▶ RAW DATA:
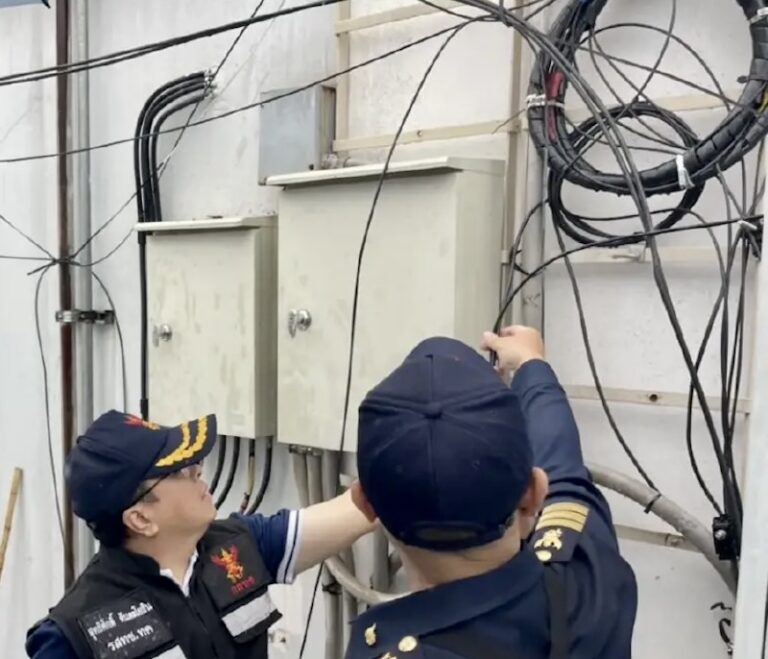 THAÏLANDE – SOCIÉTÉ : Les pertes liées aux arnaques téléphoniques ont été réduites de moitié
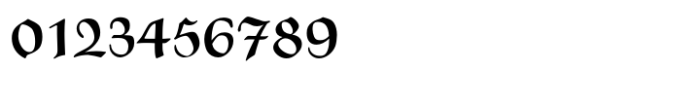 Rhapsody Std Regular Font OTHER CHARS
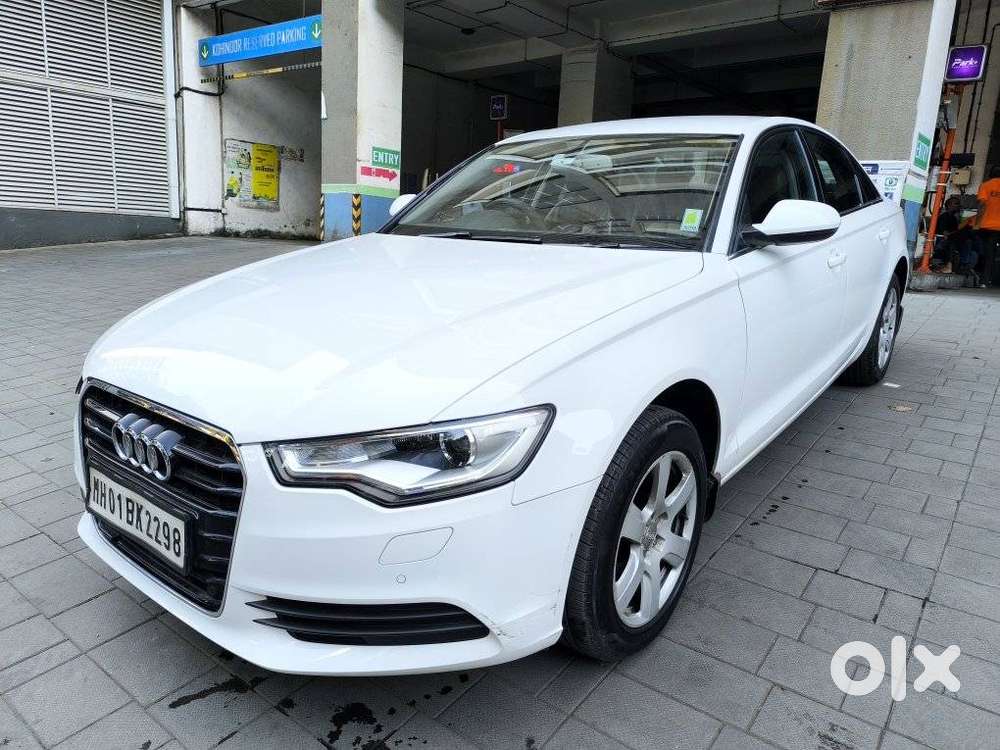 Audi A6 2.0 Tdi, 2013, Diesel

▶ PROBLEM REQUIREMENTS:
Repeat all the material above exactly, apart from the pictures.

▶ PROBLEM SOLUTION:
 THAÏLANDE – SOCIÉTÉ : Les pertes liées aux arnaques téléphoniques ont été réduites de moitié
 Rhapsody Std Regular Font OTHER CHARS
 Audi A6 2.0 Tdi, 2013, Diesel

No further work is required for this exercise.